Furthermore, as anyone at CCI will tell you, the program was developed with input from very important people, including a NORAD colonel, a posse of SWAT team members, retired FBI agents, police officers, deputy sheriffs and anti-terrorist consultants.

"The feds and the state are trying to put their arms around this gorilla we call Homeland Security," observes Sisson.

Esmerelda, a student who says she once worked in classified areas of the federal government (and whose name is definitely not Esmerelda), wants to be part of it. "The interesting thing is that I left the government for the corporate world because I thought it offered so much more," she says. "But after 9/11, I knew I needed to be back in the family, and they have very stringent rules about coming back. Luckily, the federal government is very interested in this program."

John is more interested in private-sector opportunities. "As a painting contractor, I already go into homes and assess a project," he points out. "I'd like to go into corporations and assess their security risk. There's also going to be a huge business in team-building around disaster prevention. People used to go out into nature and bond, but now you could integrate that with Homeland Security. You can make it to where it actually has some meaning."

John makes good money, but he's tired of brushes and rollers. "I took 9/11 personally," he says. "First I was in shock, and then I was like, let's get that guy. Now my eyes are open. I realized I didn't have to go overseas to defend my country."

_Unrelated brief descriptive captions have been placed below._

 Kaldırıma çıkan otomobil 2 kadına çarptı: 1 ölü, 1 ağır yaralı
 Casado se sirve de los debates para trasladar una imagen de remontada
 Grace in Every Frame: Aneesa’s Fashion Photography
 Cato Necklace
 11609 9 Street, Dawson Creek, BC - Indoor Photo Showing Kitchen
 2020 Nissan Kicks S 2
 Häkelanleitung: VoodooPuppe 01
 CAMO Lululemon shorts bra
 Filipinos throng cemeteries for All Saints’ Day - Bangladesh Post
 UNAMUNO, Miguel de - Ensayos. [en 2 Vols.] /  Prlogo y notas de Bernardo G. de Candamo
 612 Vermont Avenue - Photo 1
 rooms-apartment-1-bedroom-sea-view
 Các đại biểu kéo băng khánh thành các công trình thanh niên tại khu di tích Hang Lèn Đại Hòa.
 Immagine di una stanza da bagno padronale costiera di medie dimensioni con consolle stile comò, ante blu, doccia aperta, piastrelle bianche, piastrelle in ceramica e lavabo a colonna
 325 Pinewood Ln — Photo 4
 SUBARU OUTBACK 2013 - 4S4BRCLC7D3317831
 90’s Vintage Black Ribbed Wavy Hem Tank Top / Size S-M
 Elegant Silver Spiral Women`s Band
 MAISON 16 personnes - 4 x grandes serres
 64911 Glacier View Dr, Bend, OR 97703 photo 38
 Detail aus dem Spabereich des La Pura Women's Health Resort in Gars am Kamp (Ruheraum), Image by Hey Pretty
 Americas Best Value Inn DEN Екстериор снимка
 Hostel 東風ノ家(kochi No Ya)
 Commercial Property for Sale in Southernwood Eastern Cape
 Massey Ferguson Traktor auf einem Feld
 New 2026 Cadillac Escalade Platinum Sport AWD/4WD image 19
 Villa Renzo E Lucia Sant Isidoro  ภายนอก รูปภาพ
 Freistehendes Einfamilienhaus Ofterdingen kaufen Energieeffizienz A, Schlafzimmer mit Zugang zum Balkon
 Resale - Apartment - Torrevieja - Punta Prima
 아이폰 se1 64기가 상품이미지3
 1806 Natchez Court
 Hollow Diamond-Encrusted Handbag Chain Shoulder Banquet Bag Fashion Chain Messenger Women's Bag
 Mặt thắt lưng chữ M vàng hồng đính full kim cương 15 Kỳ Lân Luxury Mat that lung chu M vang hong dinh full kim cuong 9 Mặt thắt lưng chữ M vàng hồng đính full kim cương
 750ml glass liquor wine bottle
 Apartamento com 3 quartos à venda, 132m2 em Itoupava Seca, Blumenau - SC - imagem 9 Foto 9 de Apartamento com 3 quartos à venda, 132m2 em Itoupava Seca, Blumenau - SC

Which would be nearly impossible, anyway: John has four children, a fifth on the way, and a paralegal wife who attends law school at night. Nevertheless, he serves as vice president of Parks's Homeland Security Club and is the most vocal member of the class. Defending your homeland brings it out in a man.


Sisson throws out another question:

"What do they have at Rocky Flats?"

"Weapons-grade plutonium!" someone yells.

"That, and a whole lot of secrets!" shouts Sisson. "Rocky Flats would be an excellent place to attack."

So excellent that he gives the class an assignment: Describe your initial response and containment actions for a terrorist attack on Rocky Flats. And do it in twenty minutes, after breaking into small groups.

"But we haven't worked in groups before," John says.

"Haven't worked in groups? Get over it, folks," Sisson says. "You're going to live in a group from now on."